10. Il ressort des pièces du dossier que Mme C a fait l’objet d’un signalement aux fins de non-admission en vertu de décisions de retour assorties d’interdictions d’entrée sur le territoire pour une durée d’un an prises par les autorités espagnoles le 8 août 2022 puis le 11 avril 2024, après être de nouveau entrée sur le territoire espagnol, et valables jusqu’au 10 avril 2029. Le préfet de la Seine-Maritime a, par un arrêté du 31 juillet 2024 notifié en mains propres le même jour et devenu définitif, décidé de mettre en œuvre cette décision d’éloignement exécutoire prise par les autorités espagnoles. Ainsi, la décision de non-admission a un caractère exécutoire à la date de l’arrêté attaqué. La fiche d’information émise à l’encontre de Mme C et produite par l’administration mentionne ses nom, prénom, date de naissance, sexe, nationalité ainsi que la nature, le motif et le numéro de la décision. Aucune disposition légale ou réglementaire ni aucun principe n’impose au préfet de produire la décision d’éloignement elle-même. Par suite, le moyen tiré du défaut de base légale doit être écarté.
11. L’arrêté litigieux a été adopté en vue de mettre en œuvre le signalement de Mme C, aux fins de non-admission en vertu d’une décision de refus d’entrée ou d’éloignement exécutoire prise par l’un des autres États parties à la convention signée à Schengen le 19 juin 1990 et se trouvant irrégulièrement sur le territoire métropolitain. Il n’est pas établi par les pièces du dossier que la durée de quarante-cinq jours de la décision d’assignation à résidence de Mme C, laquelle n’a pas remis de documents de voyage en cours de validité, permettant aux services préfectoraux, lesquels ont saisi les autorités consulaires du Chili le 22 août 2025 et la division nationale de l’éloignement de la police aux frontières d’un plan de voyage d’éloignement le 28 août 2025, d’effectuer les démarches nécessaires en vue de mettre en œuvre son éloignement vers le Chili, présenterait un caractère disproportionné au regard des buts poursuivis. Mme C n’apporte aucun élément de nature à caractériser l’absence de caractère raisonnable de cette perspective ou la preuve qu’elle peut quitter immédiatement le territoire français. Dès lors, en prononçant l’assignation de Mme C à résidence, le préfet n’a ainsi pas méconnu les dispositions de l’article L. 731-1 du code de l’entrée et du séjour des étrangers et du droit d’asile.

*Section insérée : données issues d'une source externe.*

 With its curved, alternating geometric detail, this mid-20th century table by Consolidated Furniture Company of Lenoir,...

12. Il résulte de tout ce qui précède que Mme C n’est pas fondée à demander l’annulation de l’arrêté attaqué du 22 août 2025. Par voie de conséquence, les conclusions présentées au titre des dispositions combinées des articles L. 761-1 du code de justice administrative et 37 alinéa 2 de la loi du 10 juillet 1990 doivent être rejetées.
D E C I D E :
Article 1er : Mme C est admise, à titre provisoire, au bénéfice de l’aide juridictionnelle.

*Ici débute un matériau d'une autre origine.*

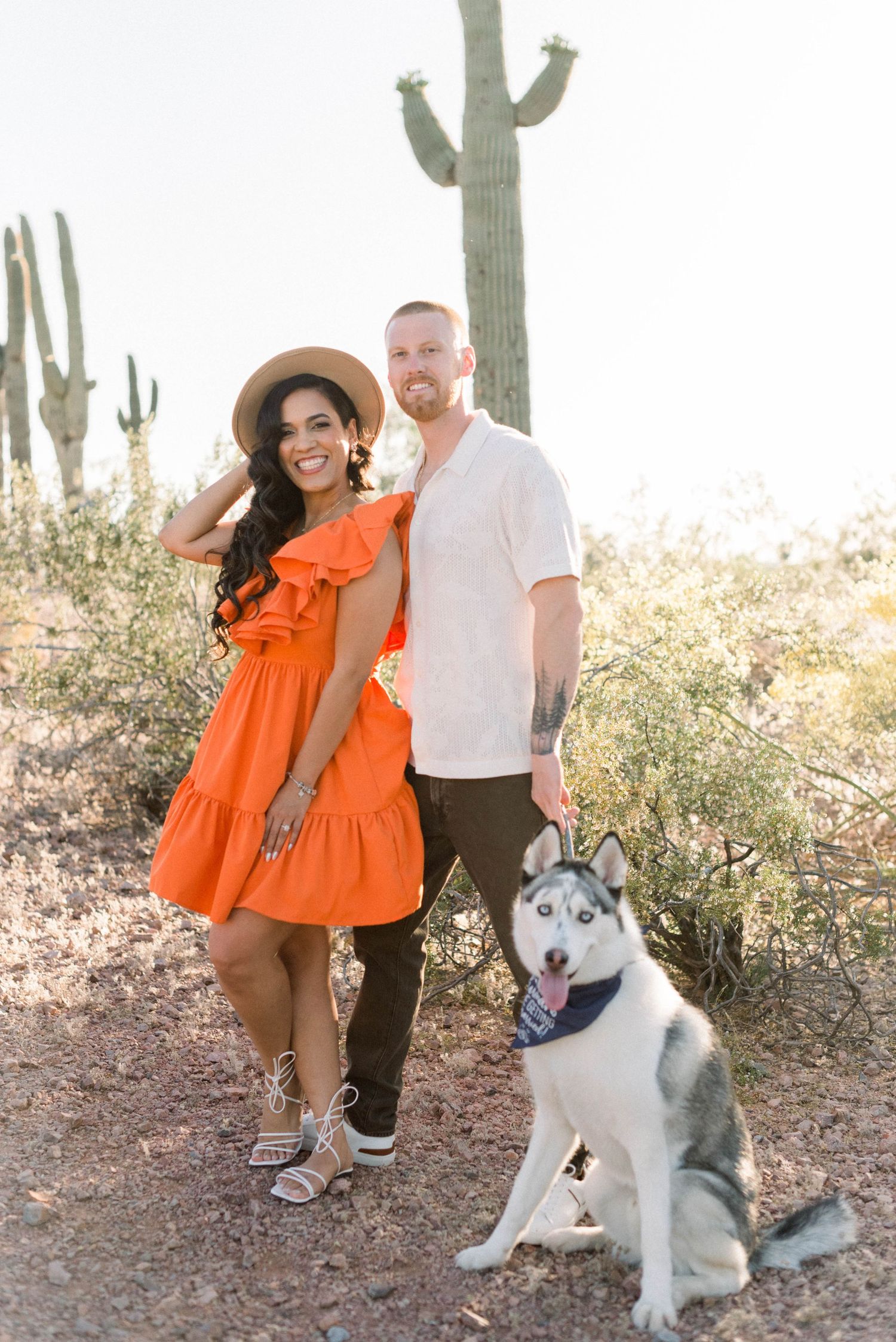 Couple in desert setting with orange dress and husky dog among saguaro cacti.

Article 2: Le surplus de la requête est rejeté.
Article 3 : Le présent jugement sera notifié à Mme B C, à la SELARL Eden avocats et au préfet de la Seine-Maritime.

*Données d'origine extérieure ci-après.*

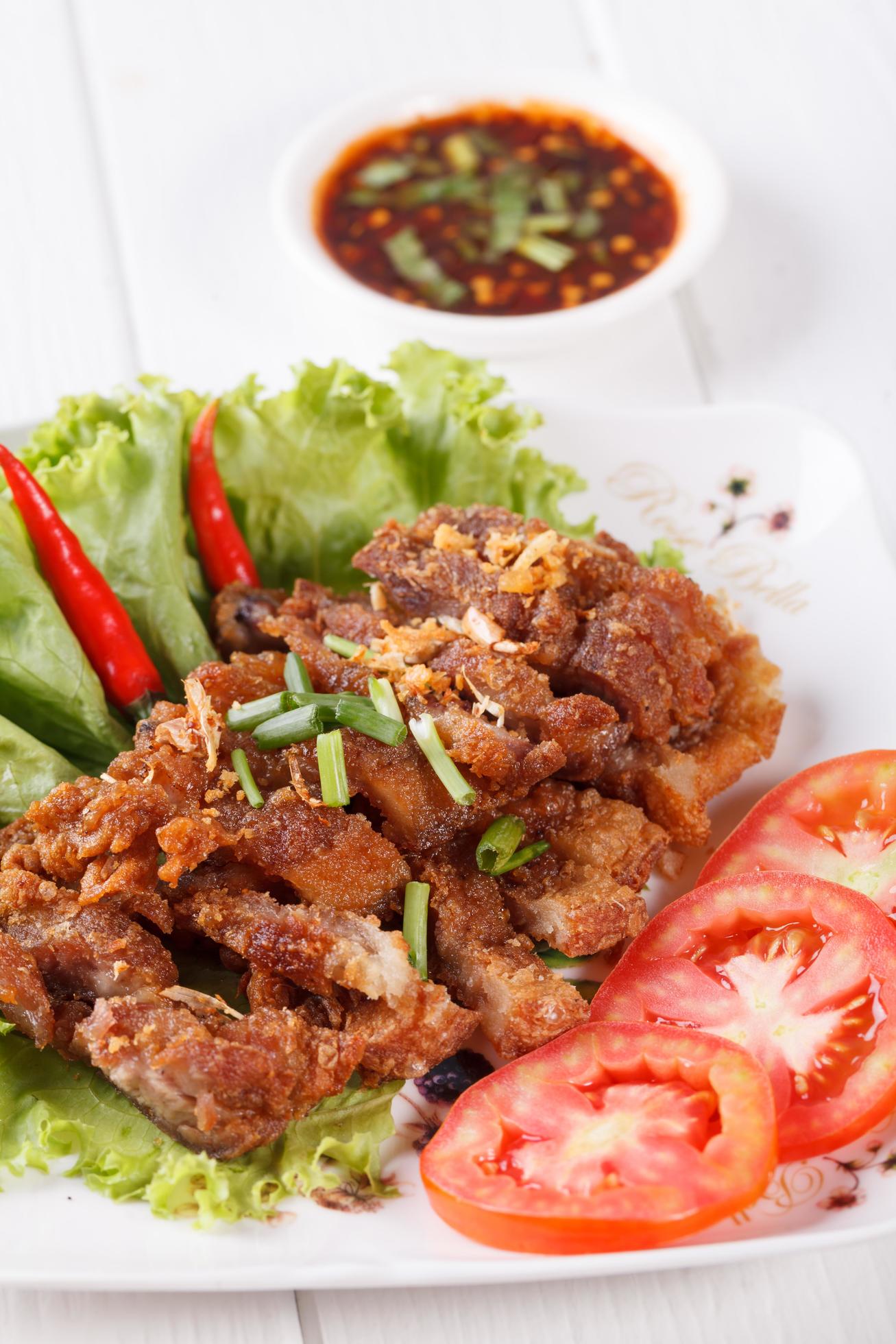 streaky pork fried with spicy dipping sauce, Thai food Stock Free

Rendu public par mise à disposition au greffe le 4 septembre 2025.
La magistrate désignée,
Signé :
L. FAVRE
La greffière,
Signé :
P. HIS
La République mande et ordonne au préfet de la Seine-Maritime en ce qui les concerne ou à tous commissaires de justice à ce requis en ce qui concerne les voies de droit commun contre les parties privées, de pourvoir à l’exécution du présent jugement.